I would hope Google would vet anybody paying for access to their data on me. But who knows, right?

[John Ludlow]

I hasten to point out (in all its uselessness at this point) that when one operates Chrome sync'd to a given google account, that user's extensions load automatically. So, I contend that the extension theory still holds promise. Assuming I hallucinated the Firefox Event of '21.

It's pretty cool to be able to open simultaneous Chrome windows under different accounts, each having its own collection of extensions active.

I guess I don't think of something temporary like that as an extension - since it doesn't become resident locally on the browser for longer than the one use. But, maybe in the meantime, they've inherited the extension concept and then modified it. Might have been easier to re-use that code and functionality. But it would certainly fill the bill for explaining why yours and your mother's account experience are different. From the way you describe it, it's essentially code that is downloaded every time you login that disappears when you close the browser. If they load code just for you, they can certainly load advertisements just for you.

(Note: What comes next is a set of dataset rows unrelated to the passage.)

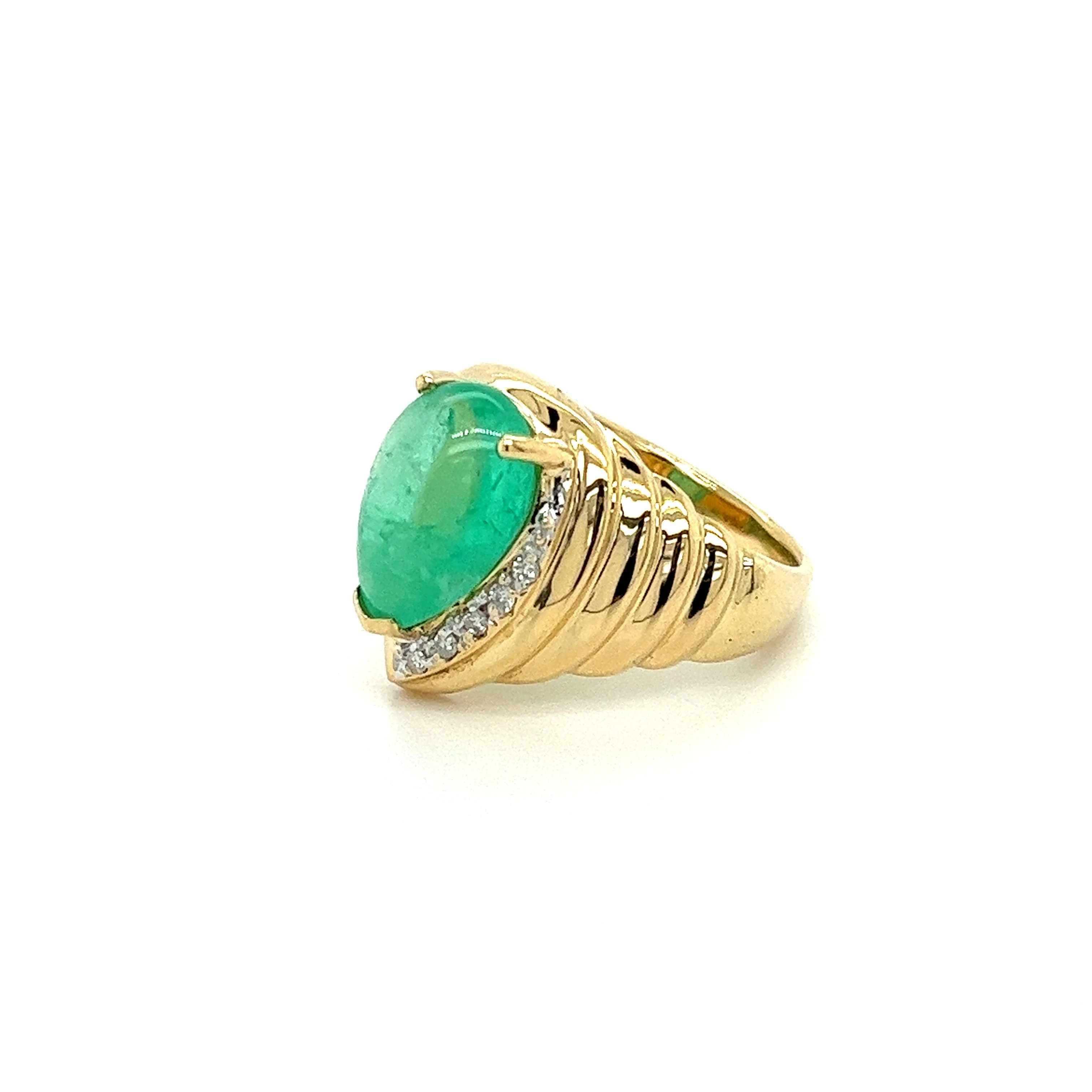 7.81 Carat Pear Shaped Cabochon Cut Natural Emerald & Diamond Ring in 18K Yellow Gold - Image 3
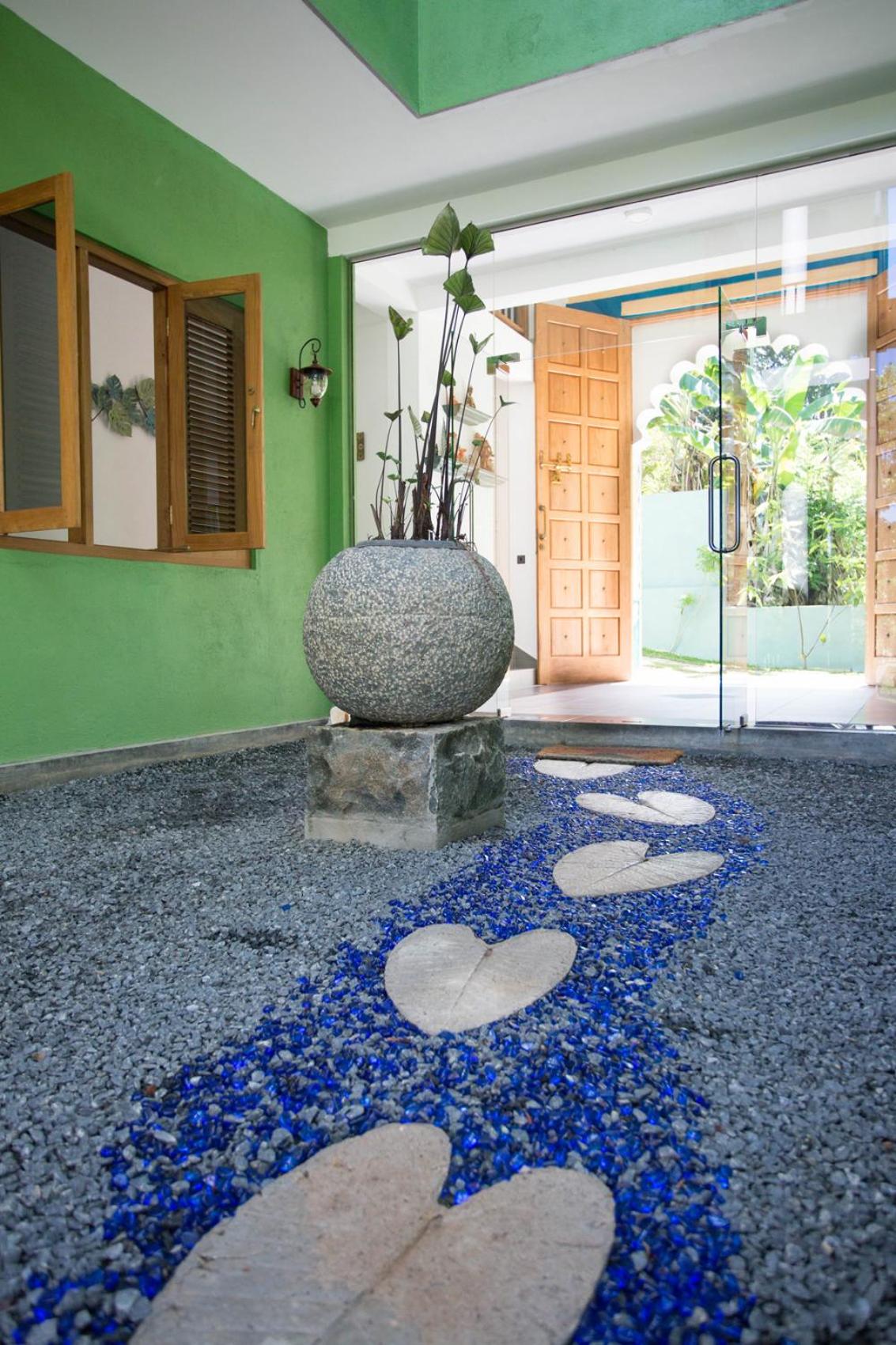 Barefoot Bungalow Hikka view 4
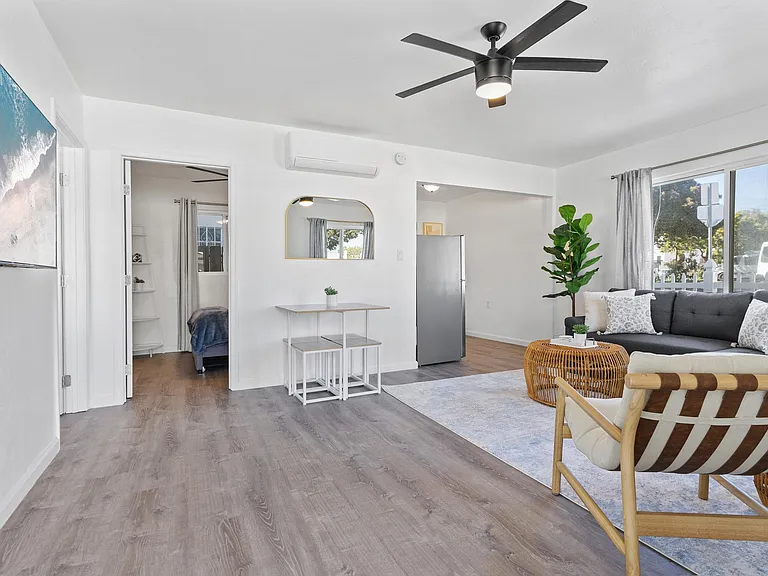 1017 Hornblend St — Photo 9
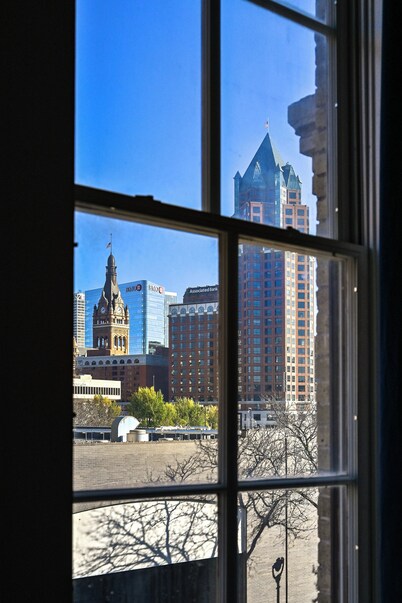 City Retreat • Bar Below • Walk Everywhere • Chef Experience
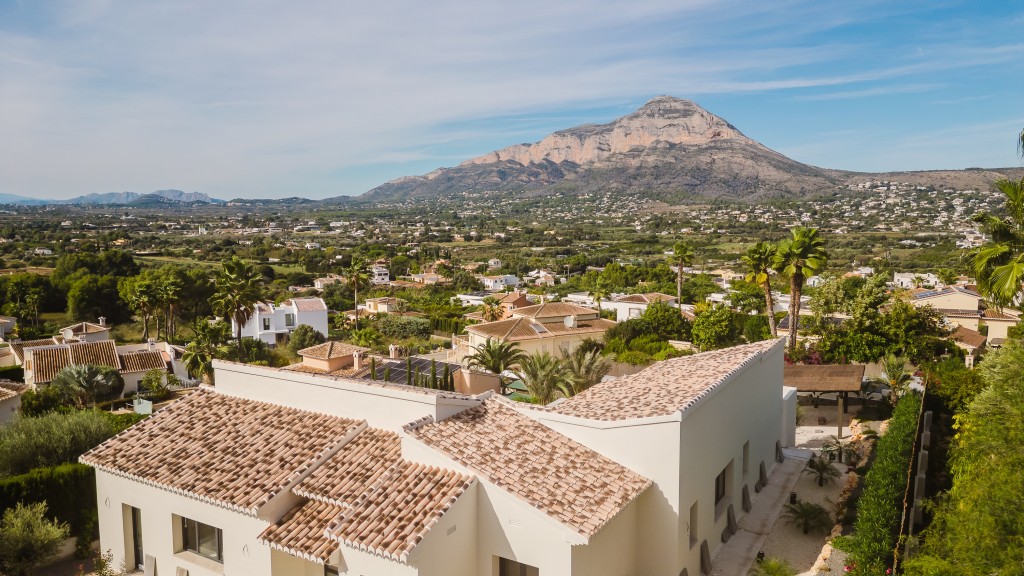 xlarge_CBNAAP1370_49935_V0_E2E9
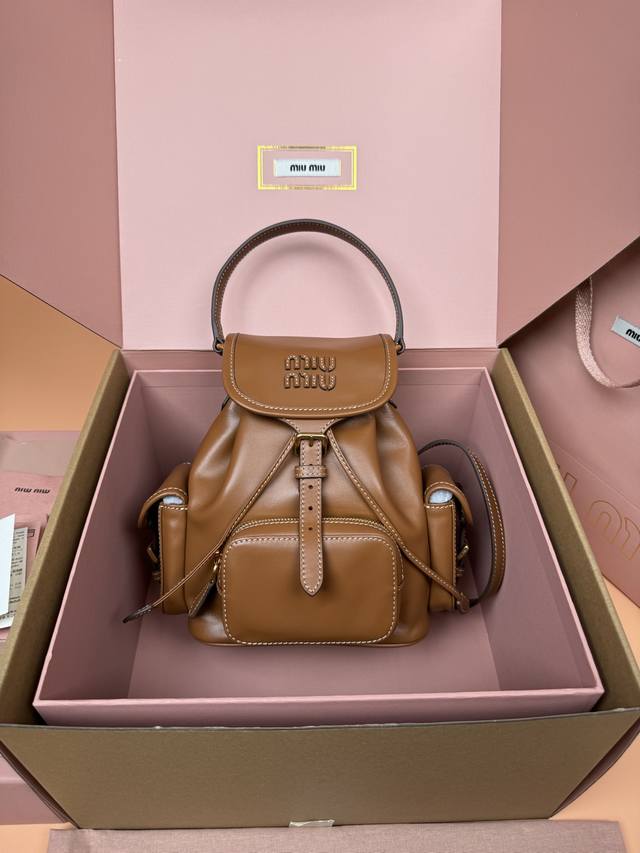 原厂皮 特级五金原厂皮 双肩包牛皮革～干邑色 这款牛皮革双肩背包采用校园风设计，让人想起童年，融合精湛工艺与休闲态度。别致的多口袋设计彰显品牌手袋的时尚趣致精神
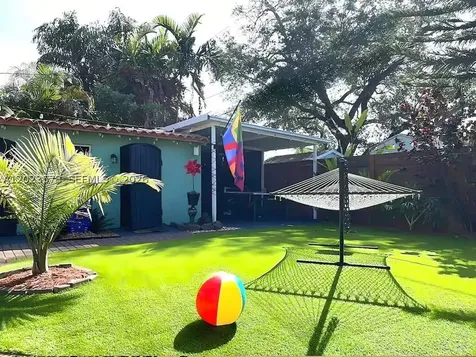 2538 Liberty Street Hollywood FL 33020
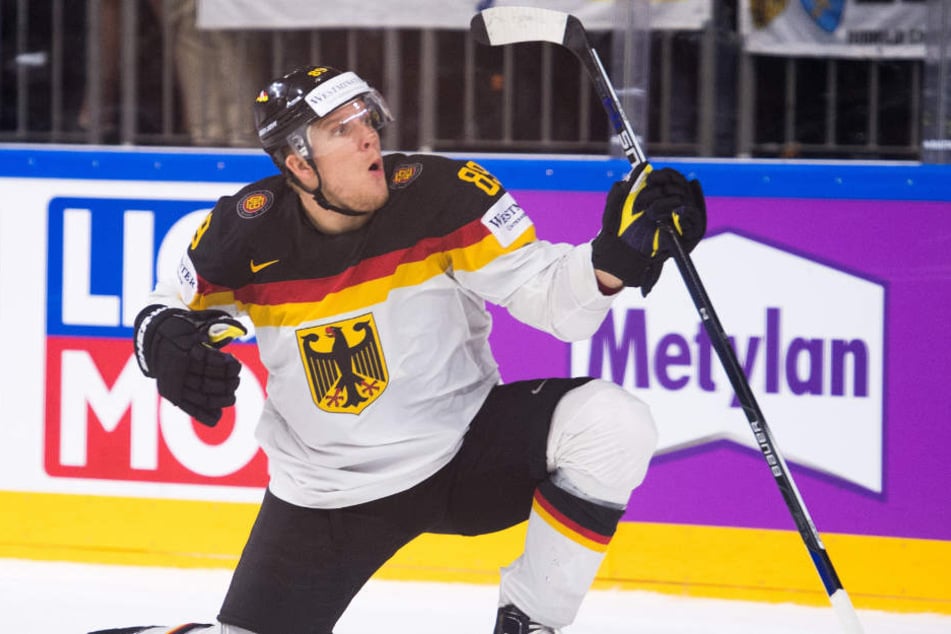 Da war die Welt noch in Ordnung: David Wolf beim WM-Spiel gegen Lettland. Jetzt fällt er wegen einer Verletzung aus. (Archivbild)
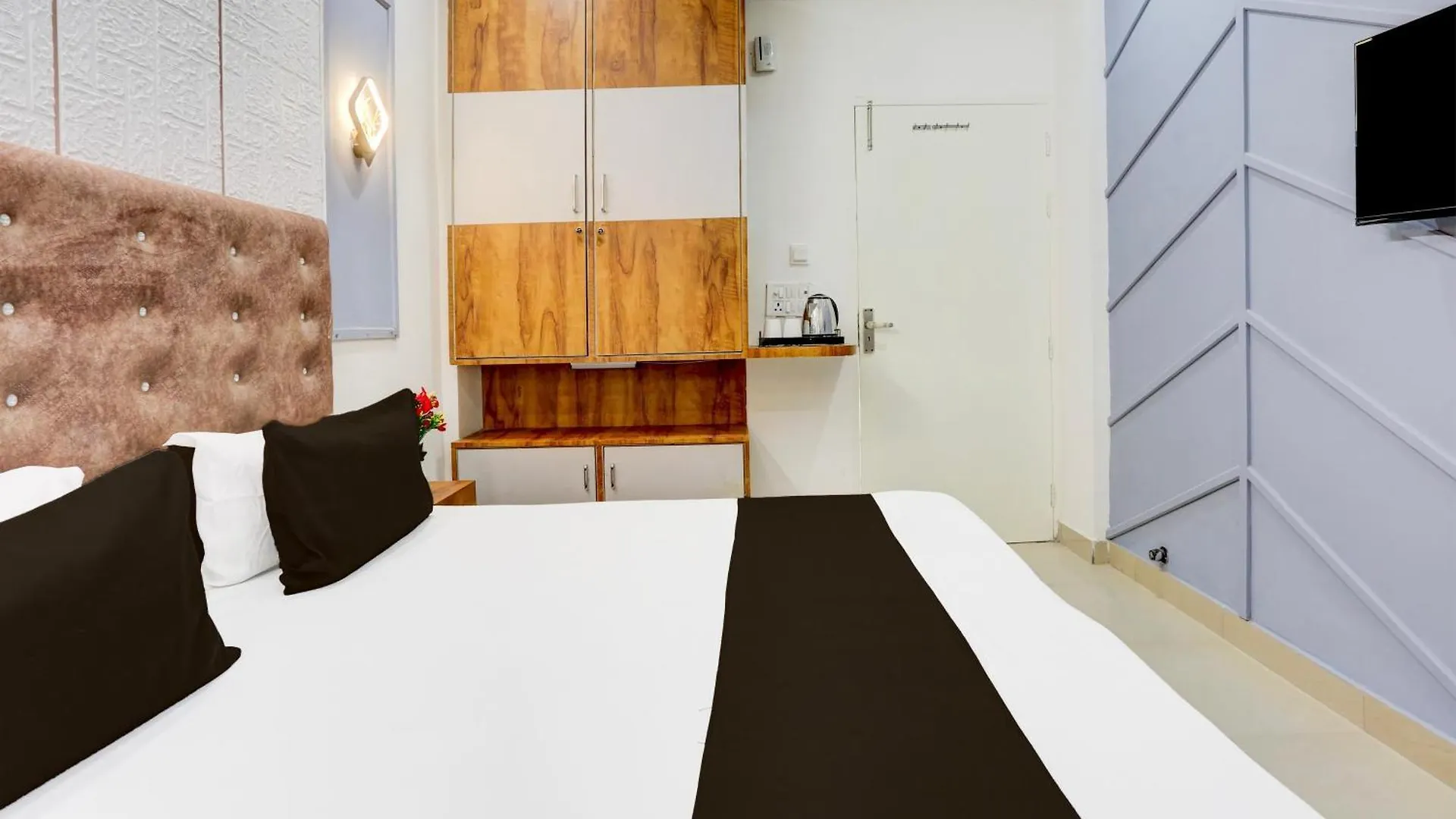 Hotel O Shyam Homes Gurgaon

And, I doubt that Google vets every ad. that appears in one of their applications. I don't think that actual human beings are involved in that process. I can imagine them programmatically watching every ad. in realtime for content though. I haven't ever taken out an ad. from Google. But, from what I have gleaned, it doesn't involve putting on a suit and talking to an agent. Whoever might have put one over on them temporarily. Or - it's also possible that the functionality you have chosen (which is downloaded) happens to be located somewhere else that requires a re-direct.

[Dave Labrecque]

From the way you describe it, it's essentially code that is downloaded every time you login that disappears when you close the browser. If they load code just for you, they can certainly load advertisements just for you.

FWIW, opening a Chrome browser window for any account is pretty instantaneous, so my guess is that the extensions are installed and kept on the local computer rather than downloaded each time. This article seems to confirm that. Or maybe I'm taking your statement too literally.

Or - it's also possible that the functionality you have chosen (which is downloaded) happens to be located somewhere else that requires a re-direct.

I'm pretty sure that's how it works. It usually takes several seconds for the pop-up window to populate with content, all the while the words, "Redirecting, Please Wait..." displaying at the top of the window. Way different than a typical Google-sanctioned experience, I think. Seems to have the tell-tale, clunky tells of an illegitimate actor. Not unlike the way we recognize email fraudsters because of their bad grammar or poorly implemented, stolen logo graphics.

[John Ludlow]

Yeah - I see. The extensions then sort of become a group of libraries that are available for the use of whoever is using the machine and needs it - but aren't necessarily used at all. So, your mom's machine now has a copy of whatever it is that got downloaded for you that she just doesn't use. More sophisticated than the usual extension (in which whatever extension has been installed becomes 'the way it' is for whoever uses that browser thereafter).